====== Source information ======

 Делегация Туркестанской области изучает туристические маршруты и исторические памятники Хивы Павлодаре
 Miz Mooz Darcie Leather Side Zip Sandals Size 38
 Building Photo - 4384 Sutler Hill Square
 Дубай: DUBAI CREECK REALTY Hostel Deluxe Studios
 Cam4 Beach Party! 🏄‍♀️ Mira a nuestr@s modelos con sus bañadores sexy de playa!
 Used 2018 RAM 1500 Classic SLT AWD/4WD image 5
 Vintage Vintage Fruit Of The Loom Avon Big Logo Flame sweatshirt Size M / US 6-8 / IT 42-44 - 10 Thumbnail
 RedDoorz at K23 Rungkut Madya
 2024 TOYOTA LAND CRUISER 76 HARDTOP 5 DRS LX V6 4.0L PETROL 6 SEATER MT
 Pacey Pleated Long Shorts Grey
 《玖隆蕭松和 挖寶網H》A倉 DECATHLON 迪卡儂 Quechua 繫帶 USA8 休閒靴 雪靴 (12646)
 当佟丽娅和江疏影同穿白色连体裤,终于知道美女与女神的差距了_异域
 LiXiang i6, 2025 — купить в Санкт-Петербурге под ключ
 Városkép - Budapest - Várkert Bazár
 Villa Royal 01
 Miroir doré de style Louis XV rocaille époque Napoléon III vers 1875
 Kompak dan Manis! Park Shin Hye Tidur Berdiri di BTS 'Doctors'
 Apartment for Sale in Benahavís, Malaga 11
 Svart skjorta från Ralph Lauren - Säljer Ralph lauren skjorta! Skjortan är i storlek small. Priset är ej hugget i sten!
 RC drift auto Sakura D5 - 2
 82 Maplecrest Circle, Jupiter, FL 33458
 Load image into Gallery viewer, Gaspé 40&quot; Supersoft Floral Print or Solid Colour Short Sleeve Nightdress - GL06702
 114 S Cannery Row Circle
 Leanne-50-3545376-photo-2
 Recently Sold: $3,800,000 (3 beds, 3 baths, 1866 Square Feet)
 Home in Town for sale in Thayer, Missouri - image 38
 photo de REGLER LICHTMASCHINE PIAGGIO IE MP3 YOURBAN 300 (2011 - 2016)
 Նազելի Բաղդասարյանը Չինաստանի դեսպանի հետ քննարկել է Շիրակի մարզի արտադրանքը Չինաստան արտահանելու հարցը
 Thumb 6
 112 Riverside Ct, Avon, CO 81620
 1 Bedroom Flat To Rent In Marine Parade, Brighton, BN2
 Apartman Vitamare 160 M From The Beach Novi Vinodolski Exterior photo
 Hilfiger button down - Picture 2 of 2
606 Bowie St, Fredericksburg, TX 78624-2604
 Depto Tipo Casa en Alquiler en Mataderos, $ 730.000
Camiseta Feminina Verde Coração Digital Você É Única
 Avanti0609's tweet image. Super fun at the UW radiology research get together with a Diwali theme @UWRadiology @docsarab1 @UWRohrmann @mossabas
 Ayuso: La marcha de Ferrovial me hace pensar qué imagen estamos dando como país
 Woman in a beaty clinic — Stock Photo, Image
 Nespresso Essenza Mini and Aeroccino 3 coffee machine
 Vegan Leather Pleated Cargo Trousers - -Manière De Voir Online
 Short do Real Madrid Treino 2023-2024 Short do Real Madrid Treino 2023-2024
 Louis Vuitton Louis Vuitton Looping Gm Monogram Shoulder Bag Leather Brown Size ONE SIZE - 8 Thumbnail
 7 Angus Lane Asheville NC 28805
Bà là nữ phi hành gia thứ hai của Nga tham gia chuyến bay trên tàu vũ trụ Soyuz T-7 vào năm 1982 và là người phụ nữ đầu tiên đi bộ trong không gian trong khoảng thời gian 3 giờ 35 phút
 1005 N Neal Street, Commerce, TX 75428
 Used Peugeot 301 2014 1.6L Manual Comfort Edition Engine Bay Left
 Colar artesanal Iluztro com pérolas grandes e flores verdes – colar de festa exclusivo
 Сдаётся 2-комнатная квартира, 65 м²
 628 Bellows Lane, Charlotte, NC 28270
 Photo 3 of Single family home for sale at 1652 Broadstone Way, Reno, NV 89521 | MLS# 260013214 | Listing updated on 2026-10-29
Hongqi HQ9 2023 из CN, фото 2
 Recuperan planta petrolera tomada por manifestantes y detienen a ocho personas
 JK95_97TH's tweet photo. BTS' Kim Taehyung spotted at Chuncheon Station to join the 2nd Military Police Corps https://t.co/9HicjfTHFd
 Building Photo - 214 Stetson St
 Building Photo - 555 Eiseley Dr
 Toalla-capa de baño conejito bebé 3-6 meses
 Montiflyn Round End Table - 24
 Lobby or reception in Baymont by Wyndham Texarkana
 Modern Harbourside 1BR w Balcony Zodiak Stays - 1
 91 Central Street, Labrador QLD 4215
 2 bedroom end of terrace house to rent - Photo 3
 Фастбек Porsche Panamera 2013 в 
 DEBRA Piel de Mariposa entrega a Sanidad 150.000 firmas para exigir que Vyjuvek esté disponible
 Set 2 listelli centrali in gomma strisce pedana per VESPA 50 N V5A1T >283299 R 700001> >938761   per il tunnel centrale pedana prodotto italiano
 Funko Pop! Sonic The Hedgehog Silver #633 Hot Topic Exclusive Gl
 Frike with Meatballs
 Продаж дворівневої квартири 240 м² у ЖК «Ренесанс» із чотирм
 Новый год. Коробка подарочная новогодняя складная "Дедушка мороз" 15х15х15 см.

======

Every line of the listing should be reproduced exactly.

 Делегация Туркестанской области изучает туристические маршруты и исторические памятники Хивы Павлодаре
 Miz Mooz Darcie Leather Side Zip Sandals Size 38
 Building Photo - 4384 Sutler Hill Square
 Дубай: DUBAI CREECK REALTY Hostel Deluxe Studios
 Cam4 Beach Party! 🏄‍♀️ Mira a nuestr@s modelos con sus bañadores sexy de playa!
 Used 2018 RAM 1500 Classic SLT AWD/4WD image 5
 Vintage Vintage Fruit Of The Loom Avon Big Logo Flame sweatshirt Size M / US 6-8 / IT 42-44 - 10 Thumbnail
 RedDoorz at K23 Rungkut Madya
 2024 TOYOTA LAND CRUISER 76 HARDTOP 5 DRS LX V6 4.0L PETROL 6 SEATER MT
 Pacey Pleated Long Shorts Grey
 《玖隆蕭松和 挖寶網H》A倉 DECATHLON 迪卡儂 Quechua 繫帶 USA8 休閒靴 雪靴 (12646)
 当佟丽娅和江疏影同穿白色连体裤,终于知道美女与女神的差距了_异域
 LiXiang i6, 2025 — купить в Санкт-Петербурге под ключ
 Városkép - Budapest - Várkert Bazár
 Villa Royal 01
 Miroir doré de style Louis XV rocaille époque Napoléon III vers 1875
 Kompak dan Manis! Park Shin Hye Tidur Berdiri di BTS 'Doctors'
 Apartment for Sale in Benahavís, Malaga 11
 Svart skjorta från Ralph Lauren - Säljer Ralph lauren skjorta! Skjortan är i storlek small. Priset är ej hugget i sten!
 RC drift auto Sakura D5 - 2
 82 Maplecrest Circle, Jupiter, FL 33458
 Load image into Gallery viewer, Gaspé 40&quot; Supersoft Floral Print or Solid Colour Short Sleeve Nightdress - GL06702
 114 S Cannery Row Circle
 Leanne-50-3545376-photo-2
 Recently Sold: $3,800,000 (3 beds, 3 baths, 1866 Square Feet)
 Home in Town for sale in Thayer, Missouri - image 38
 photo de REGLER LICHTMASCHINE PIAGGIO IE MP3 YOURBAN 300 (2011 - 2016)
 Նազելի Բաղդասարյանը Չինաստանի դեսպանի հետ քննարկել է Շիրակի մարզի արտադրանքը Չինաստան արտահանելու հարցը
 Thumb 6
 112 Riverside Ct, Avon, CO 81620
 1 Bedroom Flat To Rent In Marine Parade, Brighton, BN2
 Apartman Vitamare 160 M From The Beach Novi Vinodolski Exterior photo
 Hilfiger button down - Picture 2 of 2
606 Bowie St, Fredericksburg, TX 78624-2604
 Depto Tipo Casa en Alquiler en Mataderos, $ 730.000
Camiseta Feminina Verde Coração Digital Você É Única
 Avanti0609's tweet image. Super fun at the UW radiology research get together with a Diwali theme @UWRadiology @docsarab1 @UWRohrmann @mossabas
 Ayuso: La marcha de Ferrovial me hace pensar qué imagen estamos dando como país
 Woman in a beaty clinic — Stock Photo, Image
 Nespresso Essenza Mini and Aeroccino 3 coffee machine
 Vegan Leather Pleated Cargo Trousers - -Manière De Voir Online
 Short do Real Madrid Treino 2023-2024 Short do Real Madrid Treino 2023-2024
 Louis Vuitton Louis Vuitton Looping Gm Monogram Shoulder Bag Leather Brown Size ONE SIZE - 8 Thumbnail
 7 Angus Lane Asheville NC 28805
Bà là nữ phi hành gia thứ hai của Nga tham gia chuyến bay trên tàu vũ trụ Soyuz T-7 vào năm 1982 và là người phụ nữ đầu tiên đi bộ trong không gian trong khoảng thời gian 3 giờ 35 phút
 1005 N Neal Street, Commerce, TX 75428
 Used Peugeot 301 2014 1.6L Manual Comfort Edition Engine Bay Left
 Colar artesanal Iluztro com pérolas grandes e flores verdes – colar de festa exclusivo
 Сдаётся 2-комнатная квартира, 65 м²
 628 Bellows Lane, Charlotte, NC 28270
 Photo 3 of Single family home for sale at 1652 Broadstone Way, Reno, NV 89521 | MLS# 260013214 | Listing updated on 2026-10-29
Hongqi HQ9 2023 из CN, фото 2
 Recuperan planta petrolera tomada por manifestantes y detienen a ocho personas
 JK95_97TH's tweet photo. BTS' Kim Taehyung spotted at Chuncheon Station to join the 2nd Military Police Corps https://t.co/9HicjfTHFd
 Building Photo - 214 Stetson St
 Building Photo - 555 Eiseley Dr
 Toalla-capa de baño conejito bebé 3-6 meses
 Montiflyn Round End Table - 24
 Lobby or reception in Baymont by Wyndham Texarkana
 Modern Harbourside 1BR w Balcony Zodiak Stays - 1
 91 Central Street, Labrador QLD 4215
 2 bedroom end of terrace house to rent - Photo 3
 Фастбек Porsche Panamera 2013 в 
 DEBRA Piel de Mariposa entrega a Sanidad 150.000 firmas para exigir que Vyjuvek esté disponible
 Set 2 listelli centrali in gomma strisce pedana per VESPA 50 N V5A1T >283299 R 700001> >938761   per il tunnel centrale pedana prodotto italiano
 Funko Pop! Sonic The Hedgehog Silver #633 Hot Topic Exclusive Gl
 Frike with Meatballs
 Продаж дворівневої квартири 240 м² у ЖК «Ренесанс» із чотирм
 Новый год. Коробка подарочная новогодняя складная "Дедушка мороз" 15х15х15 см.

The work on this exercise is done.